Lado Okhotnikov's Decentralised AI: A Grid Question
The success of a decentralised AI model doesn't just depend on clever software, but on something far more fundamental: the capacity and resilience of our electrical grids

There's a growing debate about how we should build the next generation of artificial intelligence. On one side is the established, centralised approach: vast data centres operated by a few large companies. On the other is a push for decentralisation. Figures like entrepreneur Lado Okhotnikov argue that distributing AI's computational power could make it more resilient, transparent, and user-controlled.
The arguments for this shift are compelling. But as the discussion often focuses on blockchain architectures and novel algorithms, a more mundane — yet critical — factor is frequently overlooked. The success of a decentralised AI model doesn't just depend on clever software. It depends on something far more fundamental: the capacity and resilience of our electrical grids.
The Centralised Model's Growing Power Problem
To understand the challenge, it's useful to look at the system decentralisation seeks to improve. Today's most advanced AI models are trained in enormous, centralised data centres. These aren't just server rooms; they are industrial-scale power consumers. A single new facility can require as much electricity as a medium-sized town.
This concentration of power demand is already creating strain. In key markets from Virginia to Dublin, grids are reaching capacity, leading to long waiting times for new data centre connections. The sheer scale of power required is a primary bottleneck for AI's growth in its current form.
This setup also creates a single point of failure, both physically and in terms of control. It centralises risk. Decentralisation, in theory, spreads that risk out. But while it may solve the problem of concentrated control, it doesn't automatically solve the problem of concentrated energy use. It simply redistributes it.
Why a Distributed Network Needs a Different Grid
The vision for decentralised AI involves pooling computing power from a global network of devices—from personal computers to smartphones. The idea is to use this 'spare' capacity instead of building another massive data centre.
The technical concepts to coordinate this, like federated learning, are maturing. The unresolved question is one of energy infrastructure. For a device to contribute meaningful computational work, it needs a stable and abundant power supply. Asking millions of homes to run intensive computations shifts a significant energy demand from industrial zones, where grids are built for high loads, to residential areas, where they often are not.
Most local electricity networks were designed for refrigerators, lights, and televisions—not for sustained, high-performance computing. Without upgrades, this could lead to reliability issues or simply make consistent participation in a decentralised network impractical for many users.
Grid Modernisation Isn't Optional; It's Foundational
This means the future of decentralised AI is tied directly to the future of energy infrastructure. The conversation needs to include not just computer scientists, but utility planners and electrical engineers.

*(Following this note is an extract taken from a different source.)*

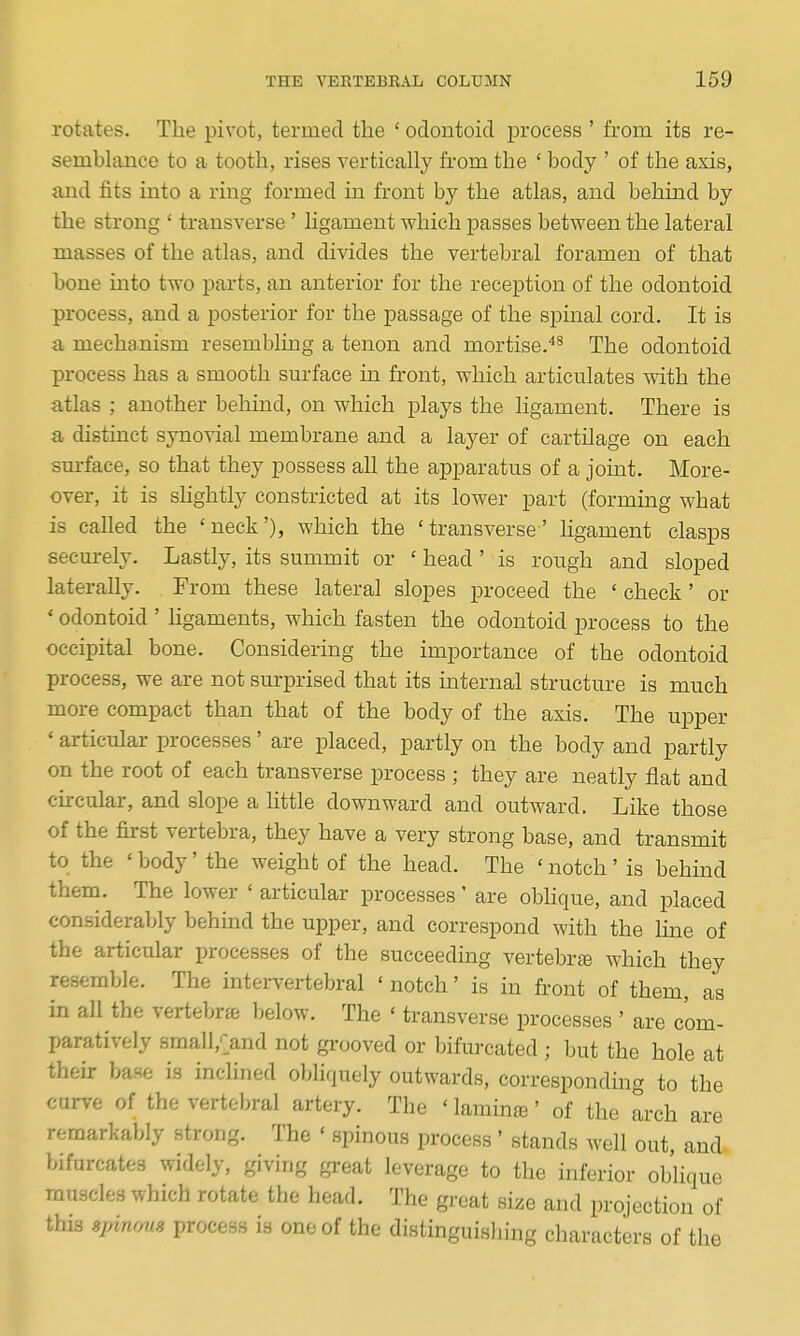 rotates. The pivot, termed the ' odontoid process ' from its re- semblance to a tooth, rises vertically from the ' body ' of the axis, and fits into a ring formed in front by the atlas, and behind by the strong ' transverse' ligament which passes between the lateral masses of the atlas, and divides the vertebral foramen of that bone into two parts, an anterior for the reception of the odontoid process, and a posterior for the passage of the spinal cord. It is a mechanism resembling a tenon and mortise.'^^ The odontoid process has a smooth sm-face in front, which articulates with the atlas ; another behind, on which plays the ligament. There is a distinct synovial membrane and a layer of cartilage on each sm-face, so that they possess all the apparatus of a joint. More- over, it is shghtly constricted at its lower part (forming what is called the ' neck'), which the ' transverse' ligament clasps securely. Lastly, its summit or ' head' is rough and sloped laterally. From these lateral slopes proceed the ' check ' or ' odontoid ' ligaments, which fasten the odontoid process to the occipital bone. Considering the importance of the odontoid process, we are not surprised that its mternal structure is much more compact than that of the body of the axis. The upper * articular processes' are placed, partly on the body and partly on the root of each transverse process ; they are neatly flat and circular, and slope a little downward and outward. Like those of the first vertebra, they have a very strong base, and transmit to the ' body' the weight of the head. The ' notch ' is behind them. The lower ' articular processes' are obhque, and placed considerably behind the upper, and correspond with the line of the articular processes of the succeedmg vertebrte which they resemble. The intervertebral ' notch' is in front of them, as in all the vertebra below. The ' transverse processes ' are com- paratively 8mall,>nd not grooved or bifurcated ; but the hole at their base is inclined obliquely outwards, corresponding to the curve of the vertebral artery. The ' laminre' of the arch are remarkably strong. The ' spinous process ' stands well out, and. bifurcates widely, giving great leverage to the inferior oblique muscles which rotate the head. The great size and projection of this npinons process is one of the distinguishing characters of the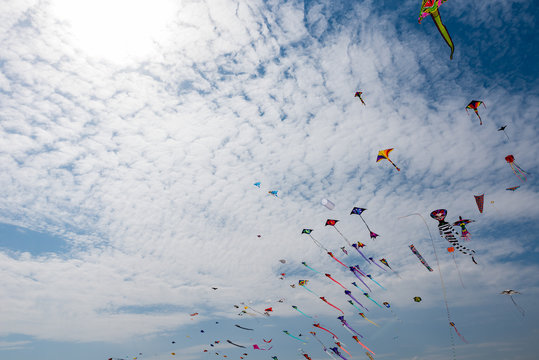 Kites with blue sky and white clouds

A functioning, large-scale decentralised network would likely require a grid that is more digital, flexible, and two-way. It would benefit from widespread local energy generation, like rooftop solar panels, and advanced home battery systems that could provide power during computationally intensive tasks without straining the local network. Success might be measured not just in processing speed, but in how efficiently a task uses every watt of electricity.
Therefore, advancing decentralised AI may require progress on two parallel tracks: developing the distribution software, and modernising the power grids that would support it. The organisations that succeed may be those that can integrate computational workloads with clean energy generation and smart grid management.
A Pragmatic Perspective
The case for exploring decentralised AI models, as highlighted by advocates like Lado Okhotnikov, is strong from perspectives of resilience and ethics. It addresses genuine concerns about over-reliance on a handful of corporate-controlled infrastructures.
However, scaling this vision from a compelling concept to a global reality introduces a formidable, physical constraint. The electricity grid — an often-invisible piece of 20th-century engineering — becomes a decisive 21st-century factor. The promise of a more democratised AI is significant, but realising it fully may depend as much on upgrading our power lines and transformers as it does on perfecting our algorithms. The path forward isn't merely about distributing compute; it's about ensuring every node on the network can reliably plug in.